Numpy is the main python library used for complex math calculations.
Pandas is built on top of Numpy for working with tables (or dataframes).
Matplotlib is used for plotting charts and graphs and seaborn is for enhanced visualizations, and is built on top of matplotlib.
Statistics is a core python library that can also be used.
import pandas as pd
import numpy as np
import matplotlib.pyplot as plt
import statistics as stats
Before we proceed, we need some numbers to work with. We can generate random numbers using a function from the numpy library. The function below returns an array of 100 random integers between 1 and 10 (excluding 10).
# Generating an array of random numbers between 1 and 9, of size 100
np.random.randint(1,10,100)
Note: Numpy can also generate random numbers following a normal, and uniform distribution. However, for other types of probability distributions like exponential and Poisson distribution, we'll need an advanced library like SciPy.
Measuring Central Tendencies: Mean, Median, Mode
Numpy has a set of helper functions to calculate mean, median, variance and standard deviation. However, it lacks those for mode, skewness and kurtosis. Pandas on the other hand has all the above. For that reason, it is preferable to use Pandas as it tabulates the data, making it easy to visualize, and it comes with more functions as well.
Note: Pandas uses the same functions as numpy because it is built on top of it.
# Calculating mean, median, mode
df = pd.DataFrame({ # Table with column 'nums'
'nums': [1,2,3]
})
mean = df['nums'].mean()
median = df['nums'].median()
mode = df['nums'].mode()
Measuring Spread & Dispersion
Variance measures how widely values are scattered from the mean, expressed in squared units. Standard deviation on the other hand measures the average distance from the mean, expressed in the same units as the original data. Standard deviation is simply the square root of the variance and even though these metrics are closely related, they differ in interpretation due to their scaling.
# Calculating variance and standard deviation
variance = df['nums'].var()
std_dev = df['nums'].std()
When interpreting these values, consider the following:
Larger values indicate greater dispersion or spread in the dataset.

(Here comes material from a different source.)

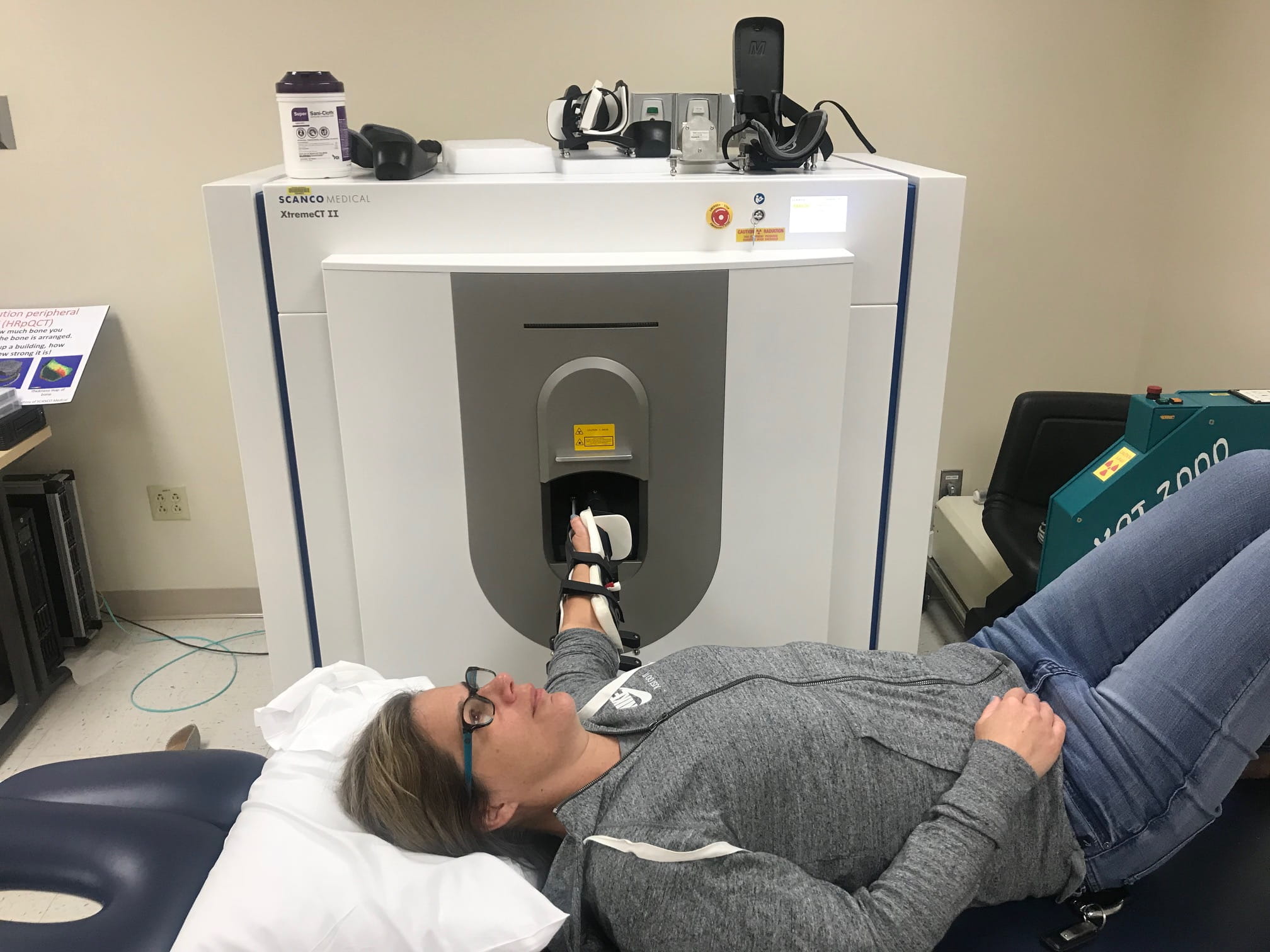 a woman receives a ct scan on her arm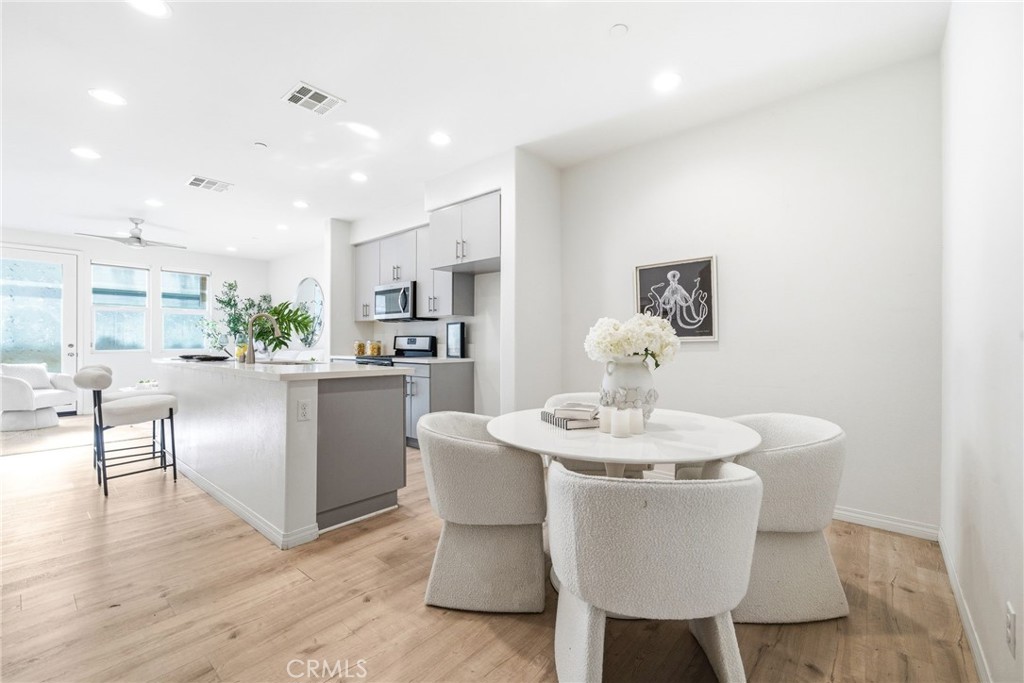 11130 Legion Loop, Unit 105 El Monte, CA 91731 - Photo 5 of 49 a dining room with furniture and wooden floor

Smaller values suggest smaller dispersion or less spread (closely clustered).
Dealing with outliers
Sometimes, you may encounter values that are dramatically distant from other values in the dataset. These are outliers and they indicate accidental or deliberate errors and anomalies in the data. It is important to identify and handle outliers as they can distort our analyses (e.g. mean, variance) and lead to inaccurate information.

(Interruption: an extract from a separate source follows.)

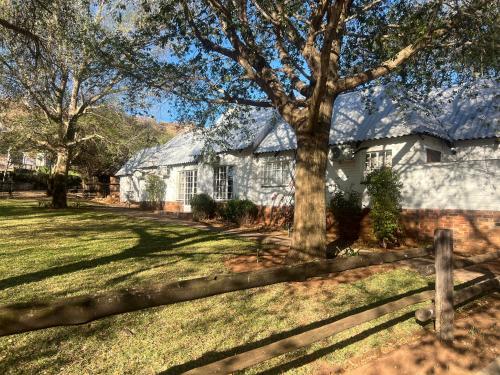 a white house with a tree and a fence at Die Stalle in Klerksdorp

There are several methods to detect and handle outliers:
Visualization: Plotting histograms, box plots, scatterplot.
The boxplot below indicates the presence of outliers within the dataset.Statistical methods: E.g. Determine thresholds and remove data points exceeding these limits. Commonly used threshold values include multiples of the mean (e.g., 1.5x, 2x, 3x) or standard deviation (e.g., 1.5σ, 2σ, 3σ).
Trimming: remove the records with outliers from the dataset before doing analysis
Skew and Kurtosis
Skewness and kurtosis are statistical measures that describe the shape of a dataset's probability distribution. They help quantify the degree of symmetry and peakedness in a dataset, respectively.

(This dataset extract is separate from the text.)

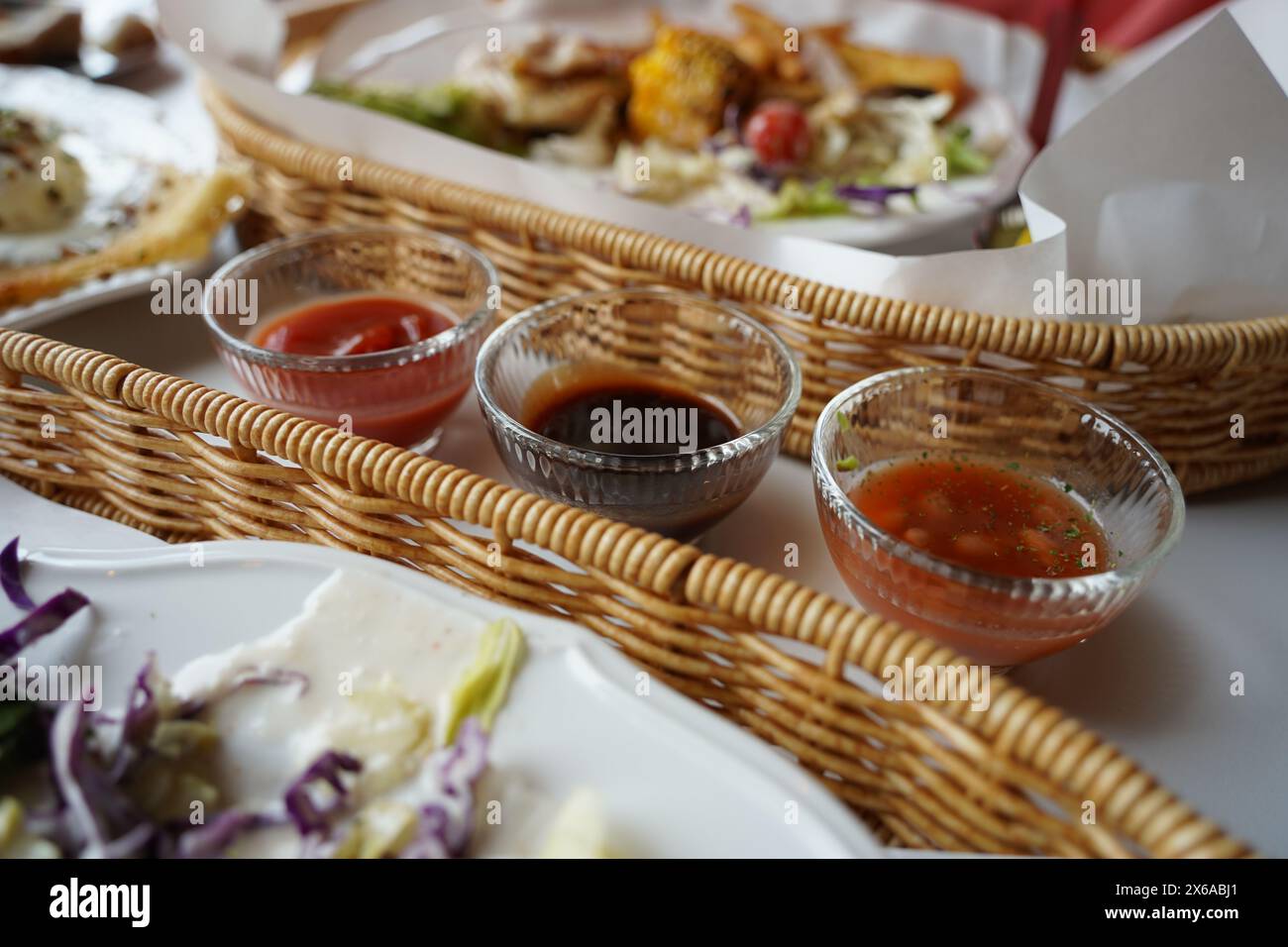 Nourriture du restaurant dans un panier en osier avec des sauces sur la table Banque D'Images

# Calculating skew and kurtosis
skewness = df['nums'].skew()
kurtosis = df['nums'].kurt()
A negatively skewed distribution is characterized by more values being greater than the mean, whereas a positively skewed distribution has more values less than the mean.
High kurtosis in a standard distribution indicates a sharp peak (many data points are clustered around the mean), whereas low kurtosis suggests a flatter peak (few data points around the mean, many points are distant from the mean).
Correlation
Correlation is a measure of the strength and direction of the relationship between two variables. It indicates how much one variable changes in relation to another variable and it only applies to numeric data.
Positive correlation implies that as one variable increases, the other variable tends to increase too. Conversely, negative correlation occurs when one variable increases and another variable decreases.
# Calculate the correlation
# NOTE: Drop non-numeric columns
# Or create a new table (dataframe) of numeric data only
df.corr()
Note: Correlation does not equate causation. It does not prove that one variable causes the other to change.